Yes it was intentional, my thinking was that this is now a known device and its presence in the list means we've probed it in the past and don't need to do IO again to figure out whether it's geli or not. But in looking at the code, I now think I allocate the kdev and link it into a the list a bit too early... there are a couple places that can exit for errors that don't exactly mean "we know it's not geli" (malloc or IO errors, all not-very-likely). I'll update that for the next revision.

stand/geli/gelidev.c
130 ↗(On Diff #43562)

There's no particular reason to make it 64 bits, the compiler will sign-extend it as needed, it's the unsignedness of the 2nd arg that causes the problem. (Stumbling across this 64 vs 32 quirk in roundup/down2() makes me want to examine every use of them in the whole source base, and add a big warning comment where the macros are defined.)

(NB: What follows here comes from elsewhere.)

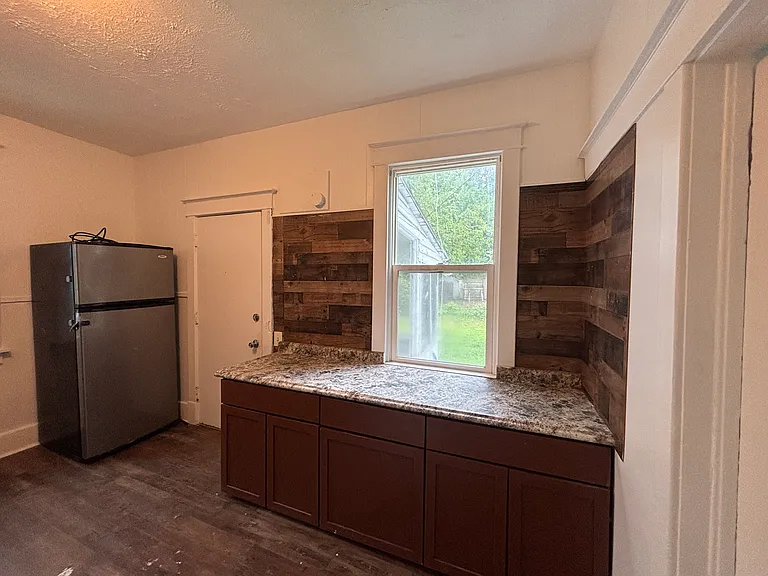 4147 Lake St — Photo 8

ian updated this revision to Diff 44166.Jun 20 2018, 5:36 PM

Adapt to the move of stand/geli to stand/libsa/geli.

Make the struct at the start of a geli_devdesc be a disk_devdesc rather than a plain devdesc, and populate its fields by copying them from the underlying host provider. This should make it safe for any code that sees devdesc.d_type == DEVT_DISK and assuming that it can then treat the struct as a disk_devdesc.

Don't create a known_device instance until we've succesfully allocated an IO buffer and read the last sector of the host provider into it. This will prevent linking a known_device into the list making it appear we know for sure the device is not geli-encrypted when the real problem was memory allocation or IO error (all pretty unlikely, but this is more correct).

ian updated this revision to Diff 44819.Jul 3 2018, 5:46 PM
ian edited the test plan for this revision. (Show Details)

Update the diff to fix a couple bugs.

  • In geli_dev_strategy(), free iobuf (allocated in the function), not buf (passed in by the caller).
  • Make geli_havekey() return ENOENT on error instead of 1.
  • Fix error early-exit logic in geli_probe() to not dereference a null pointer and to not record the is/is-not geli status of a drive if probing the drive gets an IO error.

I get compile errors trying to build the latest

ian marked 4 inline comments as done.Jul 4 2018, 1:49 PM

I get compile errors trying to build the latest

I get compile errors trying to build the latest

The phab auto-build thing says it builds, and it builds for me. If you get errors about .code16 in asm code, you need to update to the latest toolchain.

ian added a comment.Jul 13 2018, 4:41 PM

UEFI testing completed; this code now passes all the tests generated by tools/boot/rootgen.sh, and has also been tested on armv7 systems with ubldr. I think it is ready to commit.

imp accepted this revision.Jul 13 2018, 4:47 PM

let's get this in, modulo the one nit.

stand/libsa/geli/gelidev.c
324 ↗(On Diff #44819)

you should fix it.

This revision is now accepted and ready to land.Jul 13 2018, 4:47 PM
This revision was automatically updated to reflect the committed changes.